Gatti Matteo, Dosso Paolo, Maurino Marco, Merli Maria Clara, Bernizzoni Fabio, José Pirez Facundo, Platè Bonfiglio, Bertuzzi Gian Carlo, Poni Stefano
Dipartimento di Scienze delle Produzioni Vegetali Sostenibili, Università Cattolica del Sacro Cuore, via Emilia Parmense 84, Piacenza 29122, Italy.
Studio di Ingegneria Terradat, via Andrea Costa 17-Paderno, Dugnano 20037 (MI), Italy.
Sensors (Basel). 2016 Nov 27;16(12):2009. doi: 10.3390/s16122009.

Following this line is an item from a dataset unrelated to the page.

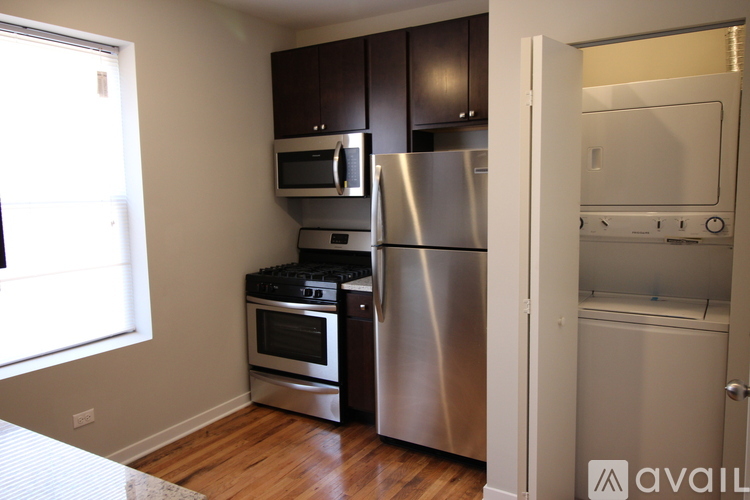 A kitchen with stainless steel appliances and wooden cabinets.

Ground-based proximal sensing of vineyard features is gaining interest due to its ability to serve in even quite small plots with the advantage of being conducted concurrently with normal vineyard practices (i.e., spraying, pruning or soil tilling) with no dependence upon weather conditions, external services or law-imposed limitations. The purpose of the present work was to test performance of the new terrestrial multi-sensor MECS-VINE in terms of reliability and degree of correlation with several canopy growth and yield parameters in the grapevine. MECS-VINE, once conveniently positioned in front of the tractor, can provide simultaneous assessment of growth features and microclimate of specific canopy sections of the two adjacent row sides. MECS-VINE integrates a series of microclimate sensors (air relative humidity, air and surface temperature) with two (left and right) matrix-based optical RGB imaging sensors and a related algorithm, termed Canoyct). MECS-VINE was run five times along the season in a mature cv. Barbera vineyard and a Canopy Index (CI, pure number varying from 0 to 1000), calculated through its built-in algorithm, validated vs. canopy structure parameters (i.e., leaf layer number, fractions of canopy gaps and interior leaves) derived from point quadrat analysis. Results showed that CI was highly correlated vs. any canopy parameter at any date, although the closest relationships were found for CI vs. fraction of canopy gaps (² = 0.97) and leaf layer number (² = 0.97) for data pooled over 24 test vines. While correlations against canopy light interception and total lateral leaf area were still unsatisfactory, a good correlation was found vs. cluster and berry weight (² = 0.76 and 0.71, respectively) suggesting a good potential also for yield estimates. Besides the quite satisfactory calibration provided, main improvements of MECS-VINE usage versus other current equipment are: (i) MECS-VINE delivers a segmented evaluation of the canopy up to 15 different sectors, therefore allowing to differentiate canopy structure and density at specific and crucial canopy segments (i.e., basal part where clusters are located) and (ii) the sensor is optimized to work at any time of the day with any weather condition without the need of any supplemental lighting system.
基于地面的葡萄园特征近端传感技术正日益受到关注,因为它能够在非常小的地块中发挥作用,其优势在于可以与正常的葡萄园作业(如喷洒、修剪或土壤耕作)同时进行,且不依赖天气条件、外部服务或法律规定的限制。本研究的目的是测试新型地面多传感器MECS-VINE在可靠性以及与葡萄树中几个冠层生长和产量参数的相关程度方面的性能。MECS-VINE一旦方便地安装在拖拉机前方,就可以同时评估相邻两行特定冠层部分的生长特征和微气候。MECS-VINE集成了一系列微气候传感器(空气相对湿度、空气和表面温度)以及两个(左和右)基于矩阵的光学RGB成像传感器和一种相关算法,称为Canoyct。MECS-VINE在一个成熟的巴贝拉葡萄园中沿着生长季节运行了五次,并通过其内置算法计算出冠层指数(CI,纯数字,范围从0到1000),与通过点样方分析得出的冠层结构参数(即叶层数、冠层间隙和内部叶片的比例)进行了验证。结果表明,在任何日期,CI与任何冠层参数都高度相关,尽管对于24株测试葡萄的数据汇总而言,CI与冠层间隙比例(² = 0.97)和叶层数(² = 0.97)的关系最为密切。虽然与冠层光截获和总侧叶面积的相关性仍然不尽人意,但与果穗和浆果重量的相关性良好(分别为² = 0.76和0.71),这表明在产量估计方面也具有良好的潜力。除了提供相当令人满意的校准外,与其他现有设备相比,MECS-VINE使用的主要改进之处在于:(i)MECS-VINE能够对冠层进行多达15个不同扇区的分段评估,从而能够区分特定且关键的冠层部分(即果穗所在的基部)的冠层结构和密度;(ii)该传感器经过优化,可以在一天中的任何时间、任何天气条件下工作,无需任何辅助照明系统。